Em 2024, completam 12 anos desde que as relações entre Turquia e Síria sofreram um revés. Antes bons amigos, os presidentes Recep Tayyip Erdogan – no cargo de primeiro-ministro no início dos desentendimentos – e Bashar Assad se tornaram inimigos declarados e a fronteira entre os dois países se transformou em um ponto permanente de instabilidade. Esse conflito é entendido como mais uma consequência da Primavera Árabe, que perpassou o Oriente Médio e a África setentrional em 2011.

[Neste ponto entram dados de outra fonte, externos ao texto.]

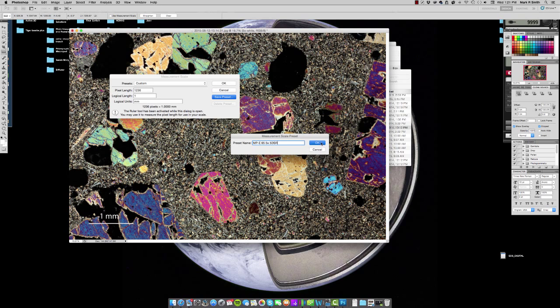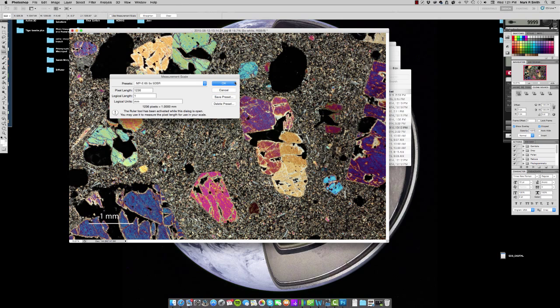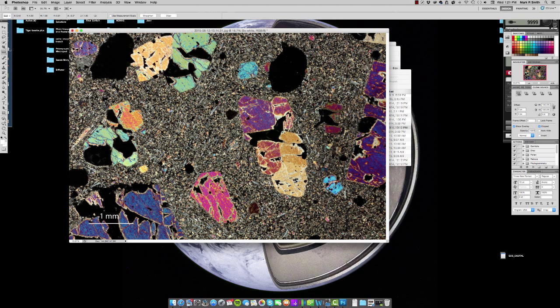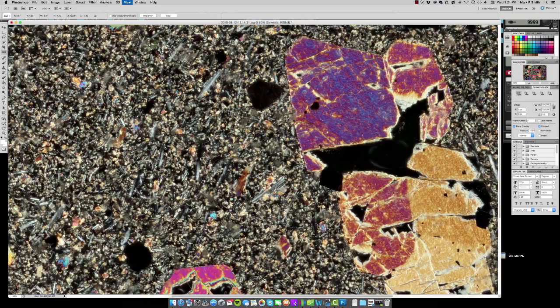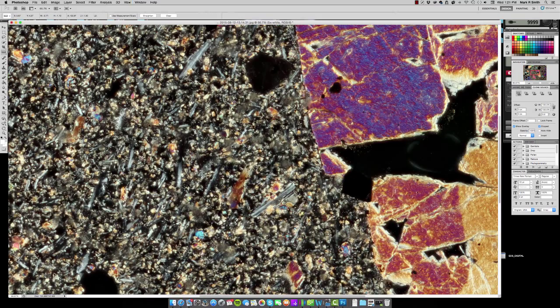So once that this is finally finished saving, what I can do is I can go back to that ruler tool, and I can select any area of the image, drag it, and I can go up top to the L1. And that's my distance in millimeters.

            O conflito se iniciou no contexto da guerra civil síria, que eclodiu em 2011. Em 14 de junho de 2012, 73 oficiais do exército sírio, incluindo sete generais e vinte oficiais superiores desertores do exército governamental, e suas famílias – totalizando 202 pessoas – chegaram à cidade fronteiriça turca de Reyhanli, buscando asilo político. Embora não houvesse confirmação oficial das autoridades turcas, esse evento foi recebido de forma muito negativa em Damasco. No dia 3 de outubro de 2012, a Turquia abriu fogo contra o território sírio em resposta a um incidente na fronteira, provocado alegadamente por rebeldes curdos, que ocasionou a morte de cinco pessoas. Desde então, a Turquia tem apoiado ativamente a oposição síria, com o objetivo de destituir Assad. As tensões entre os dois países se intensificaram cada vez mais, considerando que a Turquia acolheu refugiados sírios e permitiu que as forças de oposição usassem seu território para operações contra o regime da Síria.

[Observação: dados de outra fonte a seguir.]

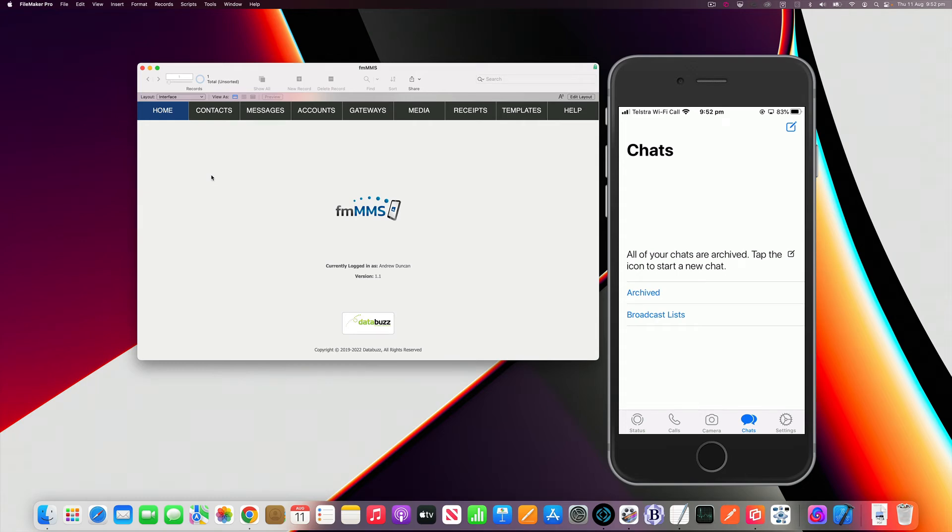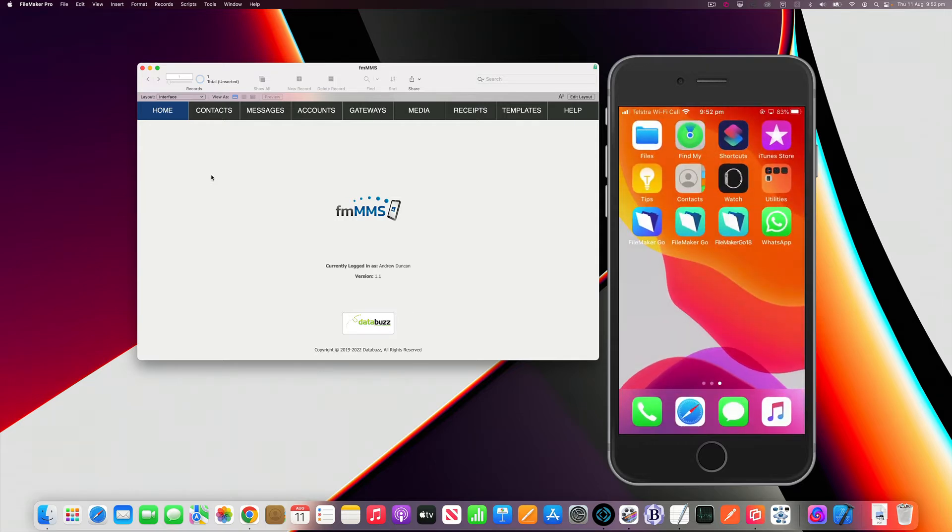In this video I'm going to demonstrate how you can send MMS messages to WhatsApp users from the Clarisse FileMaker platform using our FM MMS solution.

            Entre 2014 e 2016, com o surgimento do Estado Islâmico (EI) na Síria e no Iraque, a situação piorou. Erdogan lançou a Operação Escudo do Eufrates contra o EI e as forças curdas no norte da Síria. Os conflitos com grupos curdos, considerados organizações terroristas ligadas ao Partido dos Trabalhadores do Curdistão (PKK) pela Turquia, também se aguçou. Nos anos seguintes, de 2017 a 2019, a Turquia conduziu a Operação Ramo de Oliveira contra as forças curdas na cidade síria de Afrin e a Operação Fonte de Paz no nordeste da Síria para a criação de uma “zona segura” ao longo da fronteira turco-síria. As forças turcas ocuparam regiões estrategicamente importantes na Síria, o que provocou descontentamento da comunidade internacional e o protesto do governo sírio. No entanto, Ancara considerou suas ações legítimas utilizando o Acordo de Adana entre Turquia e Síria, assinado em 1998, como base, que concedia à Turquia o direito de enviar tropas terrestres para o território sírio caso Damasco permitisse atividades que ameaçassem a segurança e a estabilidade da Turquia.

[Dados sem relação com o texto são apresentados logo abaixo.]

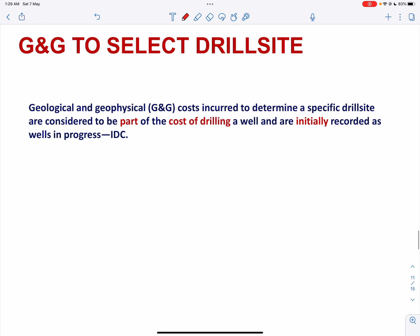Next, we come to G&G costs to select drill site. Geological and geophysical costs incurred to determine a specific drill site are considered to be part of the cost of drilling a well and are initially recorded as well-in-progress intangible drilling cost. If the well is a development well, the G&G costs will ultimately be recorded as wells and related equipment and facilities. If the well is an exploratory well, the G&G costs will ultimately be recorded either as wells and related equipment and facilities or dry hole expense, depending upon whether the well finds proved reserves or not. G&G costs incurred to determine a specific drill site are not considered non-drilling G&G costs, which should be expensed as incurred.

            Nos anos mais recentes, de 2020 a 2024, a situação humanitária em Idlib, no nordeste da Síria, onde a Turquia apoiou as forças de oposição contra o avanço do exército sírio, deteriorou-se, causando inúmeras vítimas civis e exacerbando a crise dos refugiados. Além disso, durante o conflito sírio, uma parcela significativa da população síria se tornou refugiada e procurou abrigo na Turquia. De acordo com dados do Alto Comissariado das Nações Unidas para Refugiados (ACNUR) da metade de 2024, a Turquia é o país com o maior número de refugiados sírios, sendo aproximadamente 3,6 milhões. A recepção de tantos refugiados tem impactado expressivamente a economia turca: desde 2011, a Turquia gastou 40 bilhões de dólares em serviço humanitário, de saúde, educação e infraestrutura para os refugiados. Os dados do governo estipulam que o custo anual por refugiado sírio tem sido 8 mil dólares por ano. Há ainda outra dificuldade: a integração desses refugiados na Turquia enfrenta desafios de barreiras linguísticas, diferenças culturais e oportunidades de emprego limitadas, o que tem criado tensões com a população local. Assim, a presença forte dos refugiados também tem influenciado a política doméstica, proporcionando a derrota do Partido de Justiça e Desenvolvimento (APK) nas eleições municipais de 31 de março, motivada pela situação de dificuldade econômica e o descontentamento com a existência em massa de refugiados no país. Em 2024, já aconteceram protestos e motins contra a população refugiada na Turquia.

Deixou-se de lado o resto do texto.